Le FN a vécu, pas ses idées. – Dans le même temps, avec près de 11 millions de suffrages, Marine Le Pen double le score de son père à la présidentielle de 2002 et s’enracine dans le paysage géopolitique. Elle est arrivée en tête dans 45 des 477 circonscriptions et voudrait transformer l’essai aux législatives. Mais elle a bel et bien buté sur le plafond de verre, qu’elle avait pourtant contribué à rehausser, jusqu’au débat fatidique de l’entre-deux tours. On évoque le changement de nom programmé du FN (« l’Alliance des patriotes républicains » tiendrait pour l’heure le haut du pavé) et permettrait justement de nouer des alliances, comme avec Nicolas Dupont-Aignant.

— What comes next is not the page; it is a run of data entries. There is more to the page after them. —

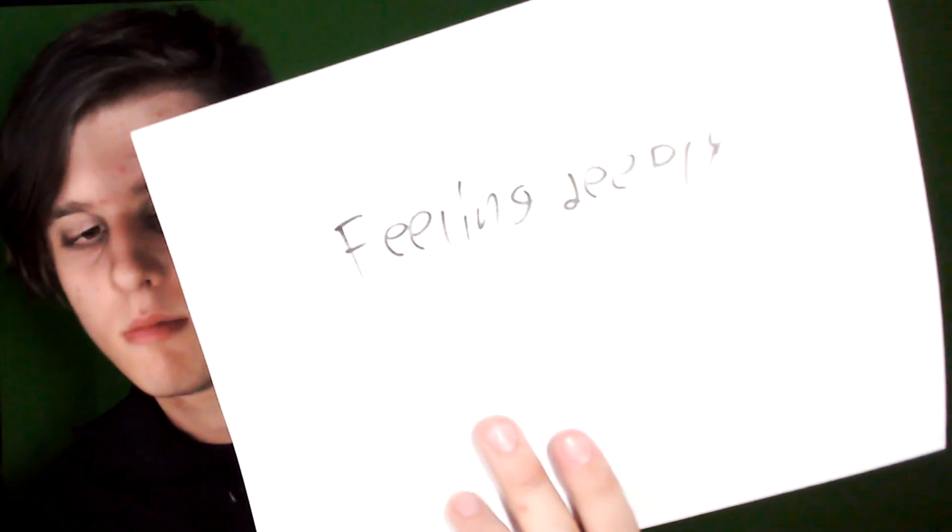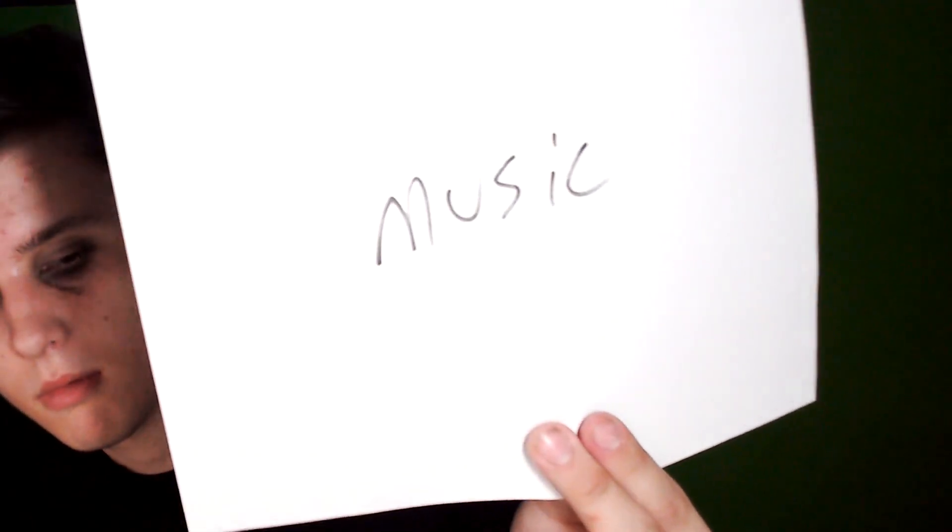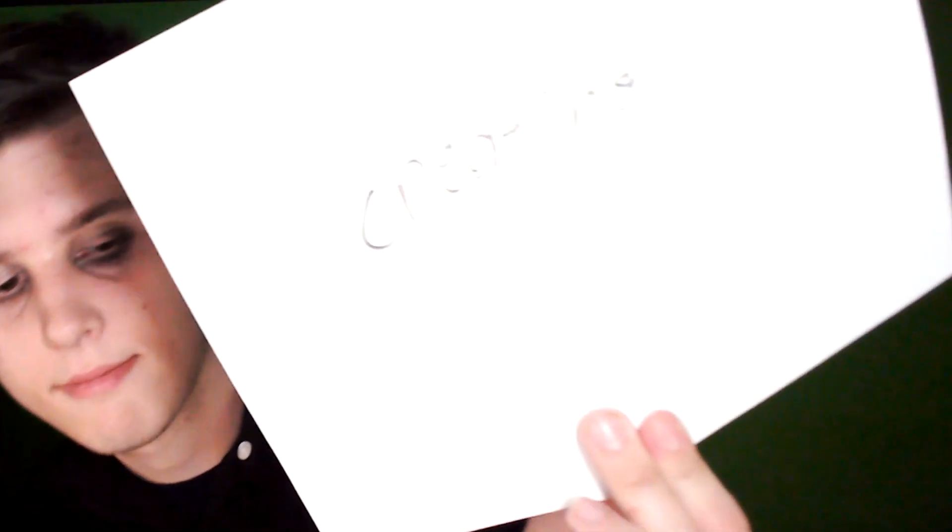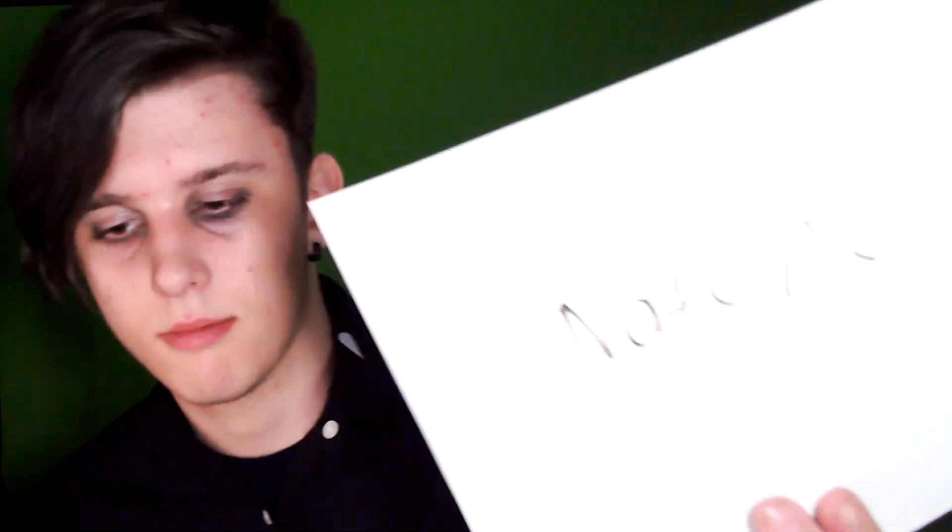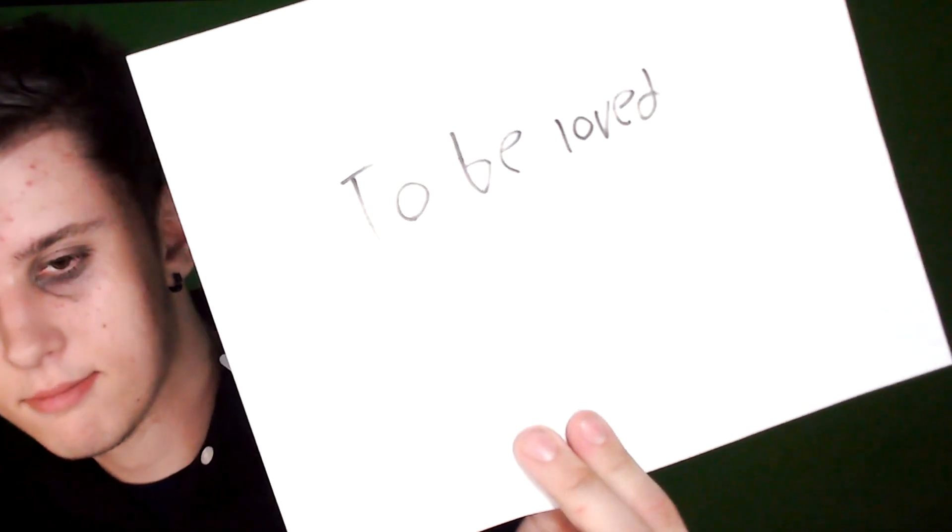I love feeling deeply. I love music. I love creating. I love nature. I love to be loved. I love you.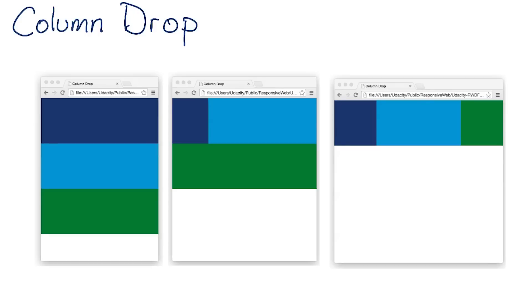The first is column drop. Column drop is probably the easiest. At its narrowest viewport, each element simply stacks vertically, one on top of the other.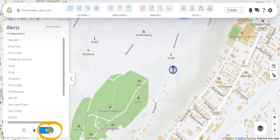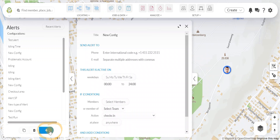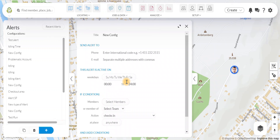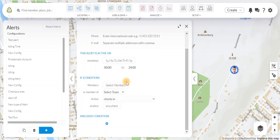Next, click on the plus button and fill out all of the necessary information needed for the alert. If you have any further questions, please refer to our help article or contact us.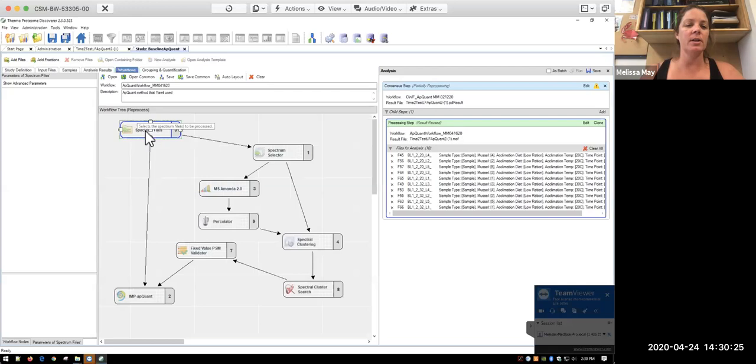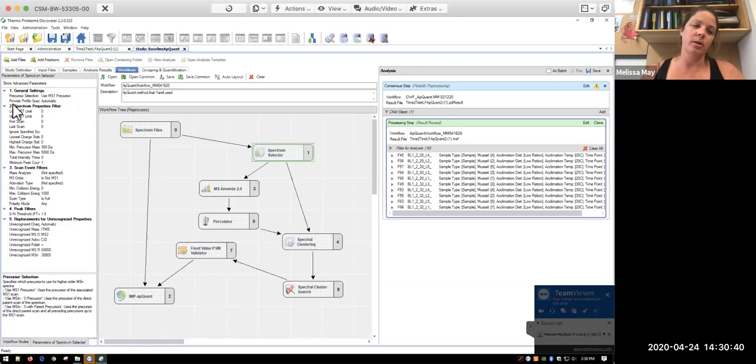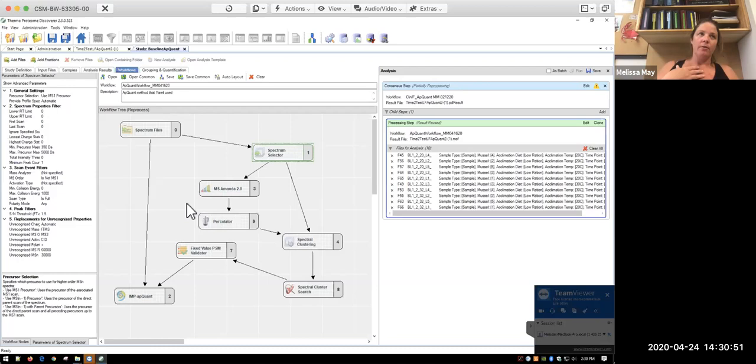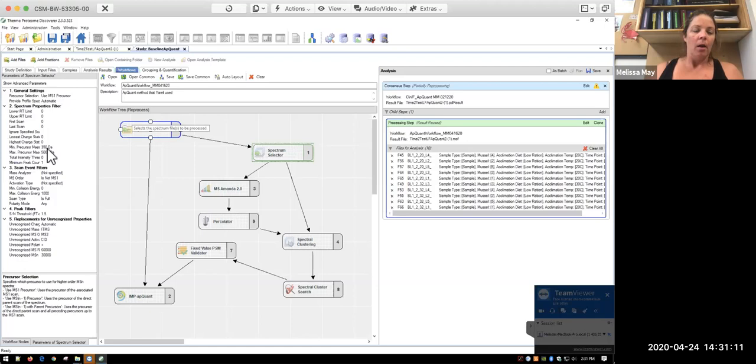So I'm going to have to put that back in, but we'll go through that. So walking through this again, you have your spectrum files. This basically just inputs your spectrum files that you're going to process. Your spectrum selector takes them and then further processes them. So for the spectrum selector, basically what we're telling the program that we want to do is that it's going to take the MS1 precursor. And so when you do your full MS for every group of ions, for every M over Z that's getting sent in and analyzed by the mass spec, you have your different isotopic peaks. And so this is going to take that precursor ion for whatever MS1 you have. And it's going to use that to continue with the processing.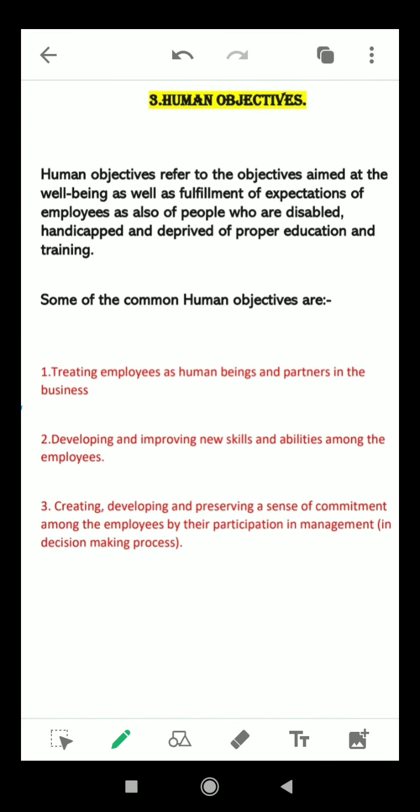Human objectives refers to the objectives aimed at the well-being as well as fulfillment of expectations of employees, as also of people who are disabled, handicapped, and deprived of proper education and training. In any business it is not only the entrepreneur who works, but there are three human factors involved: enterprise, employee, and customer. Besides the entrepreneur, there are thousands of employees who work for the business, and without customers there is no existence of business.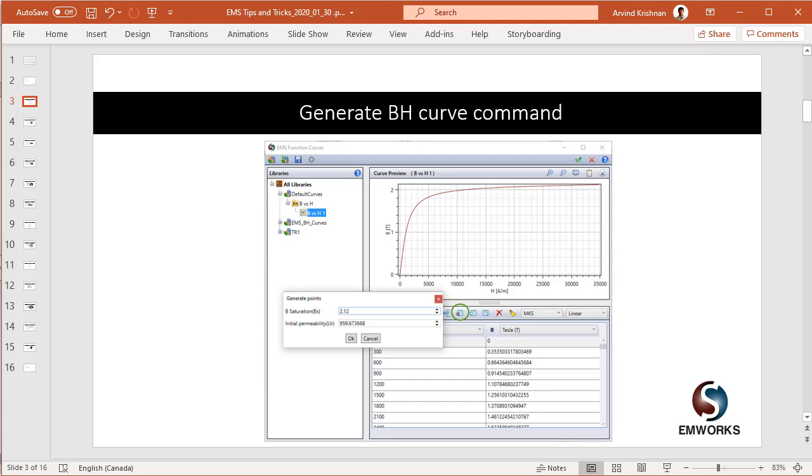Often times users need to create their own materials, especially their steels. And the most important material property for a steel is its BH curve.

« Lamentable » – « Ainsi s’achève donc le mandat le plus lamentable de la Ve République » a commenté de son côté Jean-Luc Mélenchon. Pour le meilleur ou le pire. Car si à droite la situation paraît quelque peu…confuse, après une telle déclaration, la recomposition à gauche semble bien plus « abracadabrantesque » encore.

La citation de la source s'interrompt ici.